东宫弘的话,就像一根根针似的,扎进了施媛媛的心。可是此时,纵使心再痛,也不能顺着自己的性子来。
不杀她,就没有未来。不杀她,历史就要更改。我犯下的错,只能我自己亲手解决。
施媛媛的眼泪就像断线的珍珠样,止都止不住,已经没有时间跟东宫弘解释了。施媛媛一咬牙,继续将纸盖在林宫人的脸上。
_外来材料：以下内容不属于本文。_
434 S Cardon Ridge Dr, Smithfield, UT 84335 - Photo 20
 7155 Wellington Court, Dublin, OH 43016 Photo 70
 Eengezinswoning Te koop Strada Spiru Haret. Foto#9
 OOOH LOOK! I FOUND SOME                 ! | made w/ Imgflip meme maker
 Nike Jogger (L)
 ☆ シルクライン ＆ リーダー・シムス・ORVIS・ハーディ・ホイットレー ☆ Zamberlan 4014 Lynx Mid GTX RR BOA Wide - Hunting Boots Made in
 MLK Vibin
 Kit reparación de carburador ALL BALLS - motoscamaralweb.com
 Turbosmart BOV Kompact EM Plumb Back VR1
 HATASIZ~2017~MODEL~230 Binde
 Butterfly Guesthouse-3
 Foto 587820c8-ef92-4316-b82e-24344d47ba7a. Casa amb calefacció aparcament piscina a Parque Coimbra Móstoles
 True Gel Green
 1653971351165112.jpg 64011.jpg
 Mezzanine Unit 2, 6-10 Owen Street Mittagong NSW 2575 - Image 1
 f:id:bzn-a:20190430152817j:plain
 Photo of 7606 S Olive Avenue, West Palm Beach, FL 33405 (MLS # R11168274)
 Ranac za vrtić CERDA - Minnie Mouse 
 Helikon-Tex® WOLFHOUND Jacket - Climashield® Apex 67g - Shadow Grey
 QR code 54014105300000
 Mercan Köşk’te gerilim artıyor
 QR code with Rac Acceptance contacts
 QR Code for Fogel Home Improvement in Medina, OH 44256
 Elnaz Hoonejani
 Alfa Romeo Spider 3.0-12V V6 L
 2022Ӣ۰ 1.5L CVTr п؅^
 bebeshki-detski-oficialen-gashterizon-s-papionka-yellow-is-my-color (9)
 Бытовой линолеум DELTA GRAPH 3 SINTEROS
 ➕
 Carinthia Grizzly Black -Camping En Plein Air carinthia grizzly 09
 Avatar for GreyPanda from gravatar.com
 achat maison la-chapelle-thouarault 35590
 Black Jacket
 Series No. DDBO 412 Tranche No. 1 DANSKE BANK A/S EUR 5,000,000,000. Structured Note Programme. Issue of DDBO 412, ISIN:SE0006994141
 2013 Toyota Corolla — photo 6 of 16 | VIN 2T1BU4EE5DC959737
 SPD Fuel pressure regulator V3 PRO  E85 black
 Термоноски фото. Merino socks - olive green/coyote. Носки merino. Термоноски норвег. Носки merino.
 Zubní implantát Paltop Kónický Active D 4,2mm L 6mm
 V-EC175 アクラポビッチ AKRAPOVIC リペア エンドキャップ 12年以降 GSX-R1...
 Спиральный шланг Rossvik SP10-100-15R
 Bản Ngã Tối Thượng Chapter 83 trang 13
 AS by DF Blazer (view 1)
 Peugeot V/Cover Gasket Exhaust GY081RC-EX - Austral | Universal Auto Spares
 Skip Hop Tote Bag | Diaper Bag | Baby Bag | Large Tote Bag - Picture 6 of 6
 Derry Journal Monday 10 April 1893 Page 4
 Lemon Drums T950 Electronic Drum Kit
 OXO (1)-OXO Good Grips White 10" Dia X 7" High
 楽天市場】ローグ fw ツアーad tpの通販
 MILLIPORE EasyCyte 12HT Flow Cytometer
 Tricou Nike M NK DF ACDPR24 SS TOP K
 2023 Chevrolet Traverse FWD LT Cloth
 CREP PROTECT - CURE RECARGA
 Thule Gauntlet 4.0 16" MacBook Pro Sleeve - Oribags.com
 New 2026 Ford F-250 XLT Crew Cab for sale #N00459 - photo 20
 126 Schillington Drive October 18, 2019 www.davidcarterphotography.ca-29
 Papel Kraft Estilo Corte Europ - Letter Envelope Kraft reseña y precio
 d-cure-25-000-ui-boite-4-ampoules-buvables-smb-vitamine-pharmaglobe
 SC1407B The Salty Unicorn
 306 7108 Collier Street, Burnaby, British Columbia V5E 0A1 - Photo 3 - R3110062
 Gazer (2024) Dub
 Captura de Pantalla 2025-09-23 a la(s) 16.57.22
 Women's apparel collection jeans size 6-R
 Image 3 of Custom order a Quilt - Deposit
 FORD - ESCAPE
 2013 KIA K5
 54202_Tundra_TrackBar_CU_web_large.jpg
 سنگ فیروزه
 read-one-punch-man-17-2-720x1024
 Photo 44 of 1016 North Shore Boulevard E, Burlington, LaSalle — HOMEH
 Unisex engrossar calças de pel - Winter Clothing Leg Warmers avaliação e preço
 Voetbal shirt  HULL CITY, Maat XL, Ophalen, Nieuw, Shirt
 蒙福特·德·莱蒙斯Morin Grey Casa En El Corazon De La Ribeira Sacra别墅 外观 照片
林宫人不停的挣扎着,乱踢的腿,使命挣扎的手,慢慢的慢慢的安静了下来。然后不动了。
“你……”眼睁睁的看着林宫人,被冯妙莲,亲手杀死。
东宫弘气得捏紧了拳头,满脸愤怒的转身而去。
李博海跟在东宫弘身后,安慰着:“皇上切勿动气,可别伤了凤体。”
东宫弘气得不轻。
为什么?为什么她要那样?
宫廷斗争,朕最痛恨。为什么她当着朕是这个样子,背着朕又是另外一个样子,判若两人?
李博海道:“兴许有什么误会吧,皇上,您还是听娘娘解释一下吧。”
东宫弘眼底尽是失望之色:“解释什么?你没亲眼所见吗?朕叫她住手,她依旧痛下杀手!眼睛都不眨一下!”
李博海有些着急:“给人定罪,也得让人辩驳一二啊,皇上。奴才看得出来,娘娘和皇上真心相爱,真不希望一些误会,让你俩心生芥蒂。”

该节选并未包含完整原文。